Updated 8:30 p.m. and 8:45 p.m.
A call to the Chevron 24-Hour Community Hotline yielded little information about the flame and smoke coming from the refinery in El Segundo Sunday around 6:30 p.m.
Lily Craig, a spokersperson for Chevron, at 7:45 p.m. told Patch the flare-up was caused by a "major process upset" and that there'd been an "emergency shutdown." She said the situation began around 5:50 p.m.
A radio transmission at 6:56 p.m. indicated that a fire within the plant had been "knocked down" and the flare subsided, but it could be "reactivated."
Rod Spackman, the plant's manager of public affairs and government, around 8 p.m. told Patch there had been no fire in the plant, however, El Segundo Fire Department Battalion Chief Breck Slover said there had been a "small ground fire" when cleaning fluid in drums was ignited.

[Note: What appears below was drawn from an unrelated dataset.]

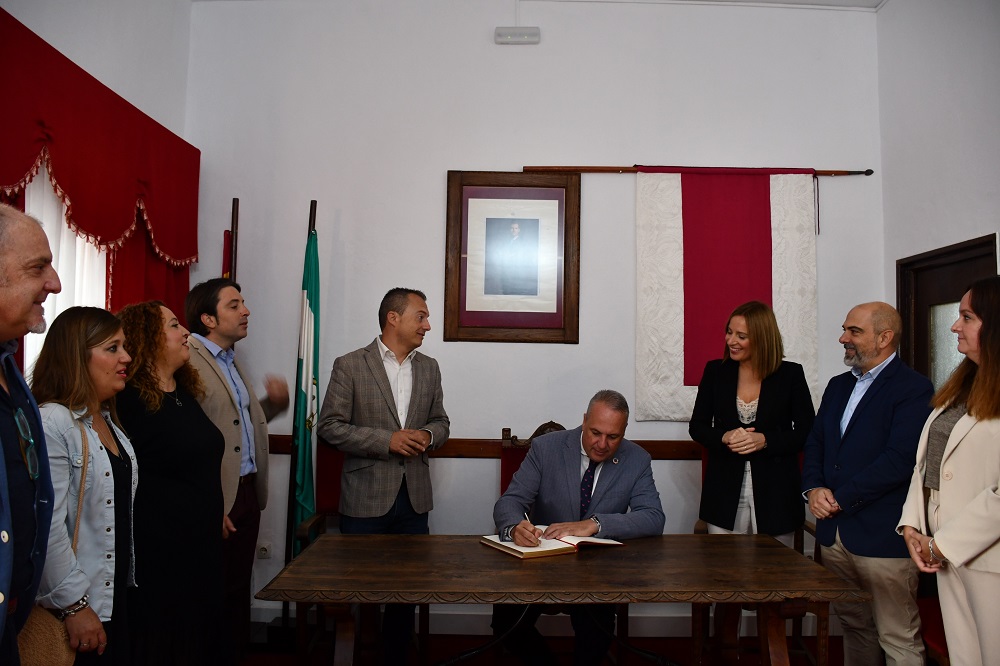Firma libro de honor Zahara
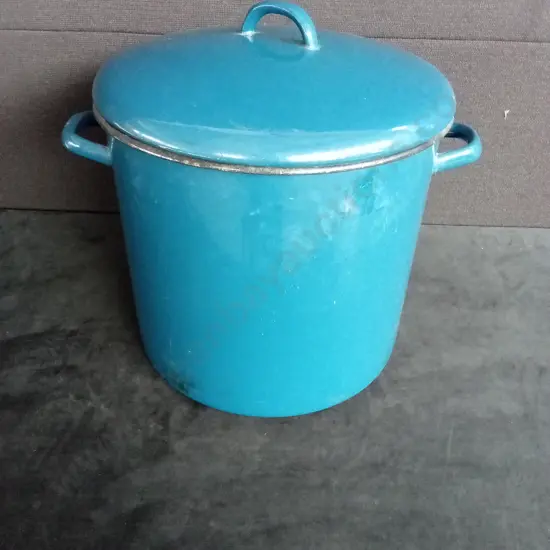 VINTAGE BLUE ENAMEL STOCK POT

Radio transmissions during the situation indicated a "top actually blew off" and power lines were down inside the refinery.

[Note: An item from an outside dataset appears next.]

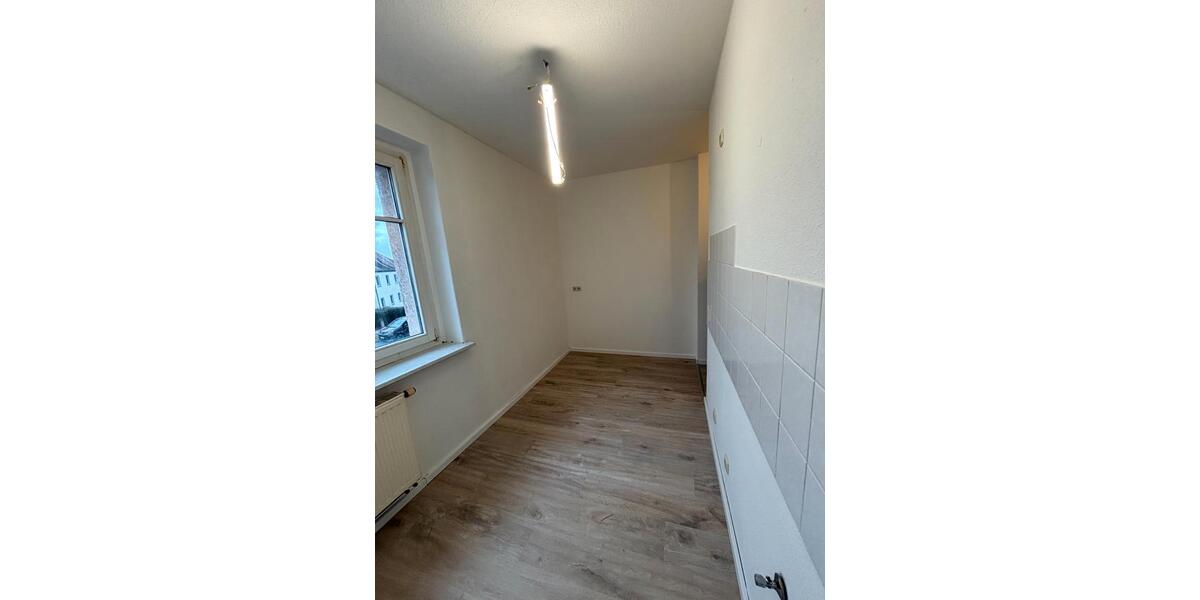 Etagenwohnung Zeitz - 1.5 Zimmer, 42 m&sup2;, 275&euro; | Angebot:26458300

Slover said one of the processors "blew the top of the tower," causing a "dislodgement" that "knocked power lines down."
Spackman told Patch the plant "lost one gasoline process making unit" which resulted in a "pretty significant" flare-up that "obviously created quite a nuisance this evening."
The "elevated safety flare" with a "significant amount of flaring" is "there to allow us to safetly depressure a plant," Spackman said.

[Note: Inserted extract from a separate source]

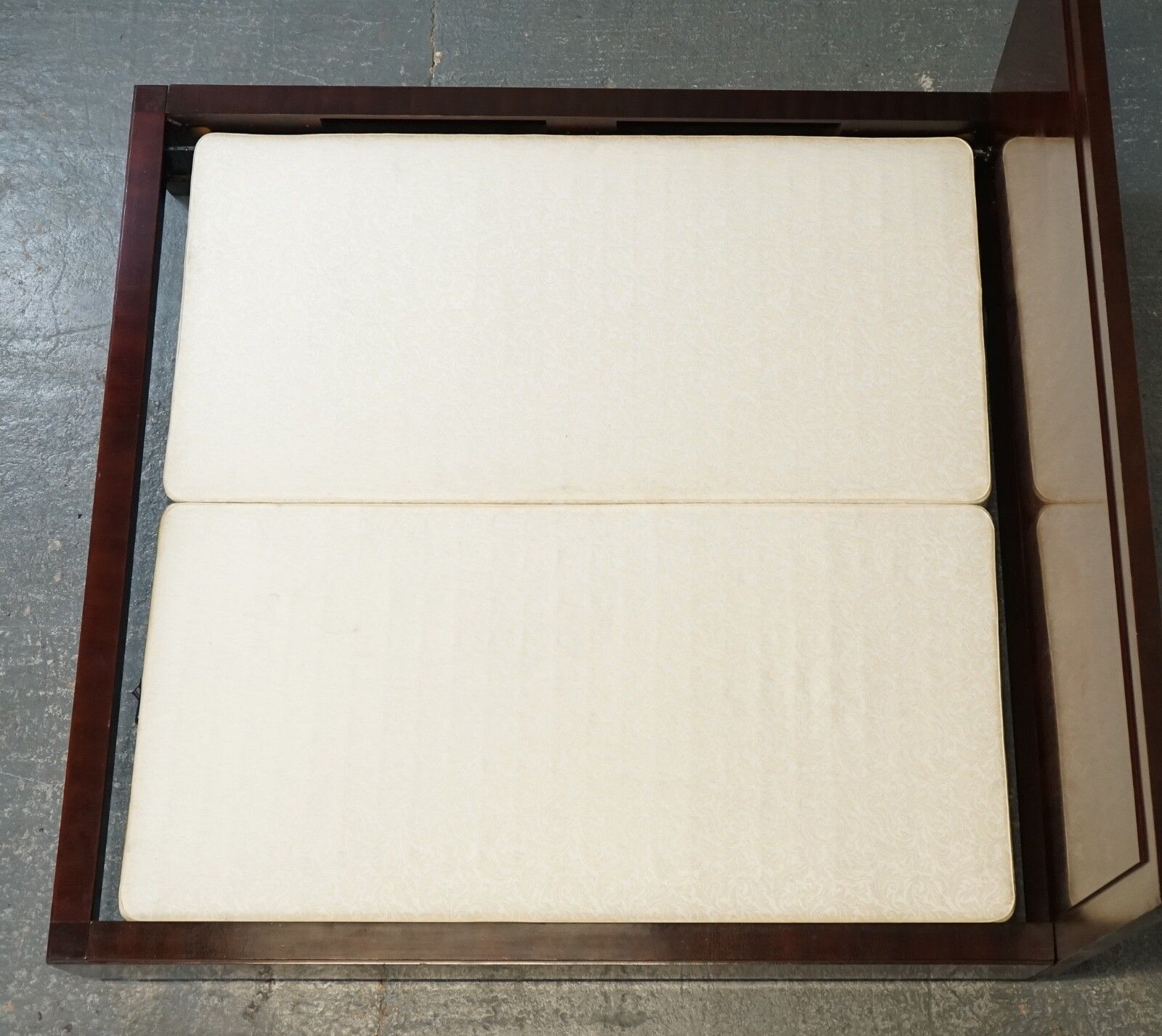 photo buy Rare Vintage Ralph Lauren American King Hudson Street Bed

Spackman said plant operators did not know if power lines had come down as reported on radio transmissions, but said a loss of power "may be part of why the unit came down." Plant officials expected to know if loss of power was a factor Monday morning.
According to Manhattan Beach Fire Department Battalion Chief Ken Shuck, Chevron "had some kind of plant disruption" and the "product had gone to flare."
Shuck said, "The whole flare process is their [Chevron's] built-in safety."
The woman who answered the phone on the Chevron 24-Hour Community Hotline reported receiving many phone calls about the situation, saying, "I'm not sure what is going on right now." She couldn't say whether or not the situation was a threat to public safety.
Craig told Patch the situation was not a threat to public safety.
Radio transmissions indicated Los Angeles County fire trucks were being dispatched to cover the two fire stations in El Segundo, presumably while those firefighters responded to the incident at Chevron.
ESFD's Slover said that had been the case and that the Manhattan Beach Fire Department and Los Angeles County units were called in to stage near or at the plant as well.
Manhattan Beach Police Department Watch Commander Sergeant Matt Sabosky said the flare was "burn off" and the flare-up was "a very routine thing that happens over there."
A call to El Segundo Fire Station #1 went unanswered during the incident but station personnel were later reachable by phone.
Both Chevron and ESFD reported no injuries.